#### Provided material:
───

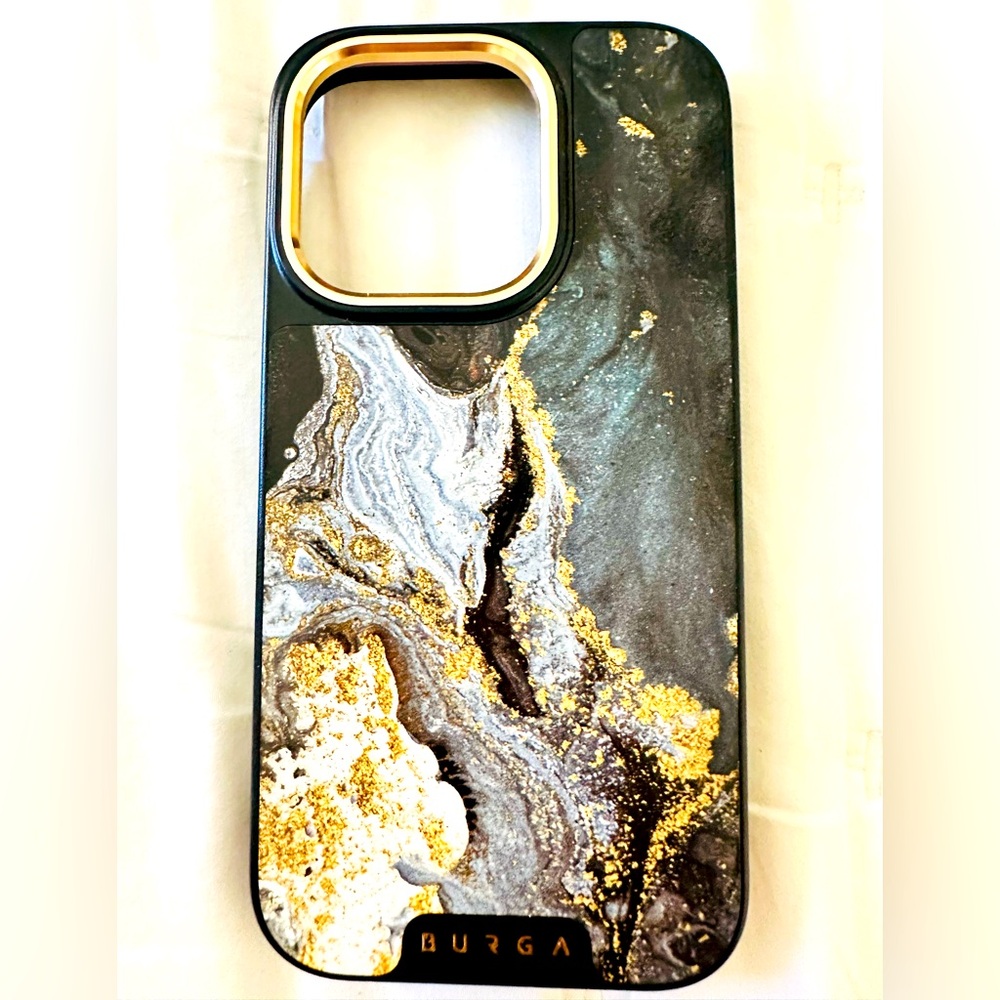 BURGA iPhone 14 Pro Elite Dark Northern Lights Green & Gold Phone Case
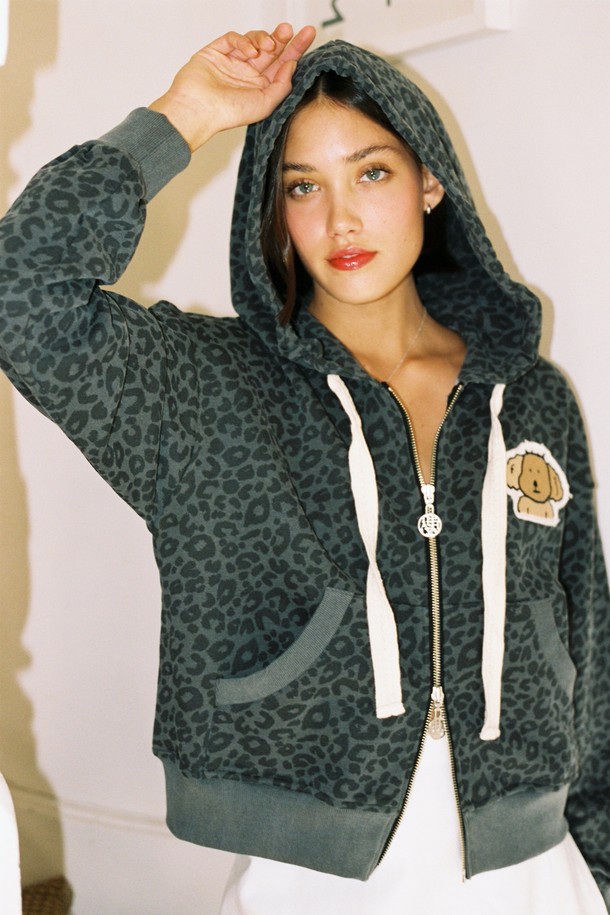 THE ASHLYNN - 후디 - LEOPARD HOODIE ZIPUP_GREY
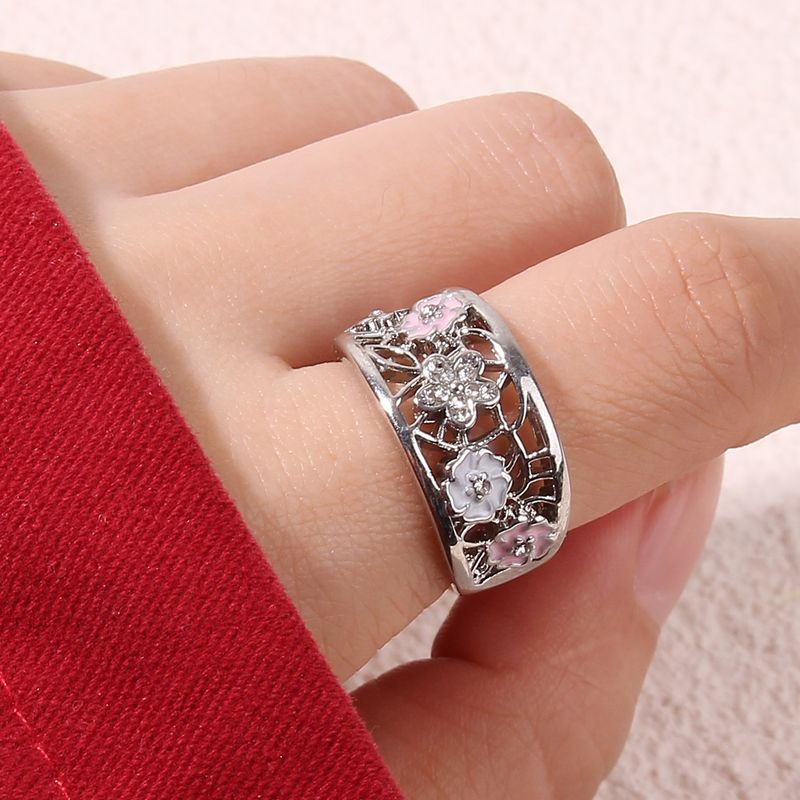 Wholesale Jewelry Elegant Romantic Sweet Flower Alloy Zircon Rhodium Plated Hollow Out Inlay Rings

───

Output everything in the material exactly. Pictures stay out of it.

#### Exercise response:
 BURGA iPhone 14 Pro Elite Dark Northern Lights Green & Gold Phone Case
 THE ASHLYNN - 후디 - LEOPARD HOODIE ZIPUP_GREY
 Wholesale Jewelry Elegant Romantic Sweet Flower Alloy Zircon Rhodium Plated Hollow Out Inlay Rings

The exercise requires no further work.